AI has revealed that mice have a range of facial expressions that show they feel — offering fresh clues about how emotional responses arise in human brains.
Scientists at the Max Planck Institute of Neurobiology in Germany made the discovery by recording the faces of lab mice when they were exposed to different stimuli, such as sweet flavors and electric shocks. The researchers then used machine learning algorithms to analyze how the rodents’ faces changed when they experienced different feelings.

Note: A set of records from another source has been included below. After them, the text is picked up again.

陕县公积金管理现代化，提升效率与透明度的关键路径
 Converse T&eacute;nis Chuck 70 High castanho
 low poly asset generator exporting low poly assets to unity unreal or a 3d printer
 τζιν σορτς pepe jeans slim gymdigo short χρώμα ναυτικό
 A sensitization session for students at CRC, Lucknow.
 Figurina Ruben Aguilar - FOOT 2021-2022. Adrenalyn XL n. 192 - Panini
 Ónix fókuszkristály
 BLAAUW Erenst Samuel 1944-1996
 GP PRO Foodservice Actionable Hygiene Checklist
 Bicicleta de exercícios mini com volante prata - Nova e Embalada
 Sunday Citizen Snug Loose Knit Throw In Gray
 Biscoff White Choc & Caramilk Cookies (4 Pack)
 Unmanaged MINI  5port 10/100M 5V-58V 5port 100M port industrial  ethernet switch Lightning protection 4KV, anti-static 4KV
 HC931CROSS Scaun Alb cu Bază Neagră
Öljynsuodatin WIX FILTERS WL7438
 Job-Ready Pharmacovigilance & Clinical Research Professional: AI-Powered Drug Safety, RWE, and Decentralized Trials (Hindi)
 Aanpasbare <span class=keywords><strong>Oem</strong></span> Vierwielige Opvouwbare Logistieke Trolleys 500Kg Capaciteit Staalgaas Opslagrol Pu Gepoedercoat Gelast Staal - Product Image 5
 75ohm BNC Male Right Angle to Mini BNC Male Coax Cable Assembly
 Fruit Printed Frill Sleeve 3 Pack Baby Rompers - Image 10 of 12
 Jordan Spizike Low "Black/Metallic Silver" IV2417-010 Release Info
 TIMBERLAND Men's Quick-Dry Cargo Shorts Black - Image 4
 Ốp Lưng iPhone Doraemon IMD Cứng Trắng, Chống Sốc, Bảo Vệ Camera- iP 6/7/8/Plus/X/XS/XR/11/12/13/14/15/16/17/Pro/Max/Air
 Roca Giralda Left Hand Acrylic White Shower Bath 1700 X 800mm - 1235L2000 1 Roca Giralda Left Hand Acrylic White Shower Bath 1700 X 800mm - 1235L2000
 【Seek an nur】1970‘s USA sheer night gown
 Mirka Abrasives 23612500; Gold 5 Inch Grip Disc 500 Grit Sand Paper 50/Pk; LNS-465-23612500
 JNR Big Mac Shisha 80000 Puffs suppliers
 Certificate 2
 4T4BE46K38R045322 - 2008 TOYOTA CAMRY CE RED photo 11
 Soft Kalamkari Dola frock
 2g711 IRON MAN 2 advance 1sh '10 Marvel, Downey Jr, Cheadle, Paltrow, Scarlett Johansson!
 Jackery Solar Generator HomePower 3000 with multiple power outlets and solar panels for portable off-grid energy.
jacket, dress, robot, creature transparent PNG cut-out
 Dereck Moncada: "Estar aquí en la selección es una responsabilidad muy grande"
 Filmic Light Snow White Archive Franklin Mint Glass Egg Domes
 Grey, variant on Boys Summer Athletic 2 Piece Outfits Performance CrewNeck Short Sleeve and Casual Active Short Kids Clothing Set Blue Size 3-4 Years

The software showed that their facial muscles would subtly shift as their emotions changed. Mice feeling pain pulled their ears back and puffed out their cheeks, while mice experiencing pleasure would push their jaw and ears forward, and pull their nose towards their mouths.
The AI also revealed that their expressions varied depending on how they felt before receiving the stimuli. For example, when a thirsty mouse was given a sugary drink, its face showed more joy than a rodent whose thirst was already quenched.
The researchers then investigated which brain cells were triggering these reactions using a technique called optogenetics, which uses light to stimulate different neurons. They found that when they targeted neurons known to trigger different emotions, the mice displayed the associated facial expressions.
How brains process emotions
The idea that facial expressions reveal how brains process emotions is nothing new. In 1872, Charles Darwin suggested that humans and animals communicate their emotions through similar expressions. Recent developments in AI mean we can now put his theory to the test.
“I was fascinated by the fact that we humans have emotional states which we experience as feelings,” neuroscientist Nadine Gogolla, who led the three-year study, told Nature magazine. “I wanted to see if we could learn about how these states emerge in the brain from animal studies.”
Gogolla’s team trained the software to recognize the mice’s reactions by feeding it images of their facial expressions that were labeled with the associated emotion. They then gave the system unlabelled images and asked it to decipher the emotions on display.
The AI was able to identify the emotions with 90% accuracy, according to a paper in the journal Science.
The researchers believe their insights into how neurons trigger facial reactions in rats will help us understand how human brains process anxiety disorders and depression. And they may finally be able to prove whether Darwin was right all along.